Give the data below again exactly as it stands. Omit the pictures.

#### Stored data
####################

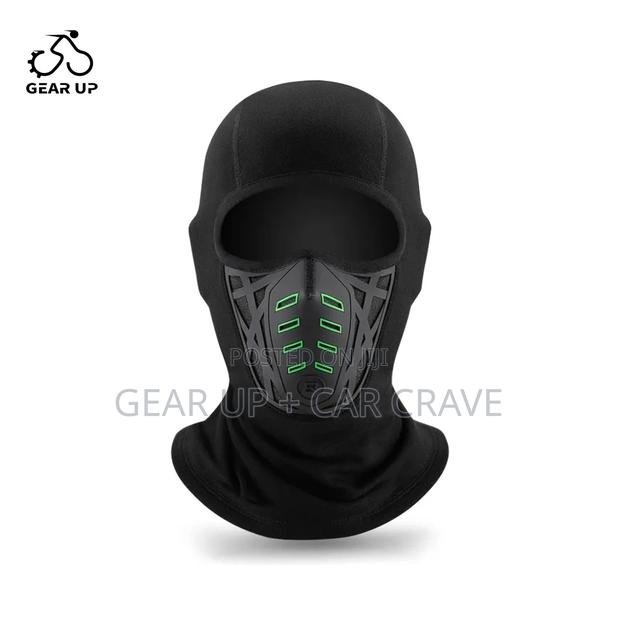 Rockbros Motorbike Cycling Fleece Winter Face Mask Balaclava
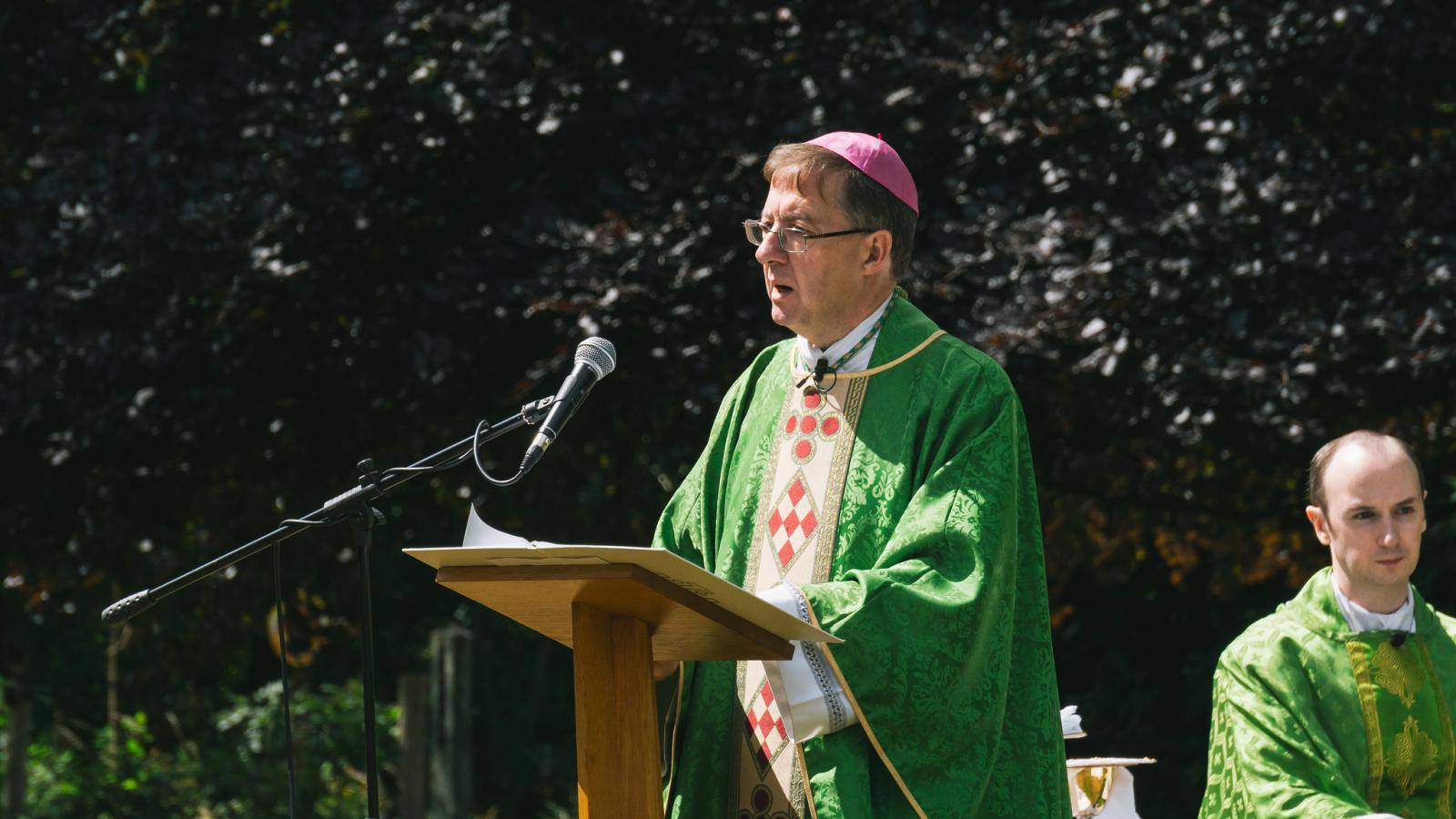 Bishop John Sherrington is the Lead Bishop for Life Issues in England and Wales. (Credit: Diocese of Westminster.)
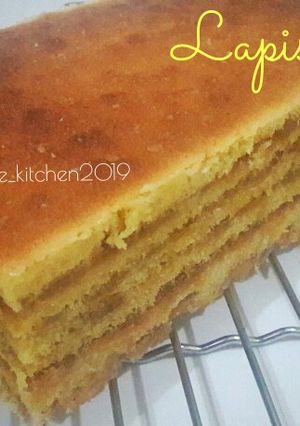 Foto resep Lapis Nanas ekonomis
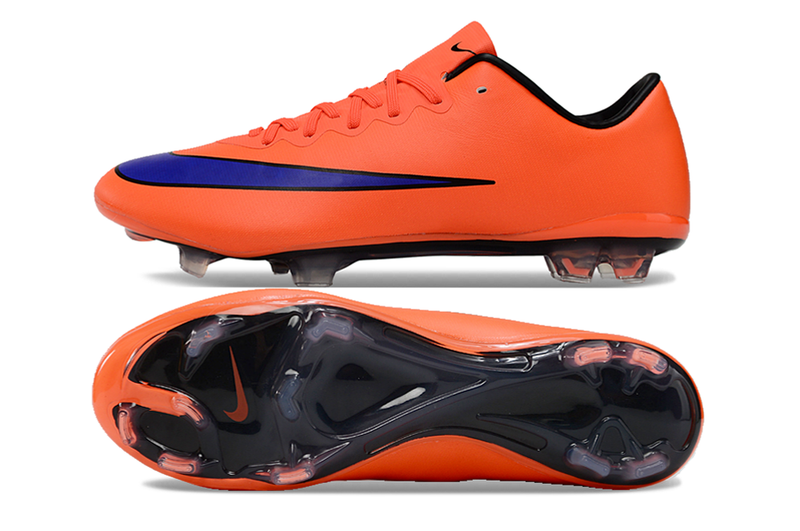 CHUTEIRA NIKE MERCURIAL VAPOR 10 ELITE FG + MEIA E BOLSA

####################

#### Result below
 Rockbros Motorbike Cycling Fleece Winter Face Mask Balaclava
 Bishop John Sherrington is the Lead Bishop for Life Issues in England and Wales. (Credit: Diocese of Westminster.)
 Foto resep Lapis Nanas ekonomis
 CHUTEIRA NIKE MERCURIAL VAPOR 10 ELITE FG + MEIA E BOLSA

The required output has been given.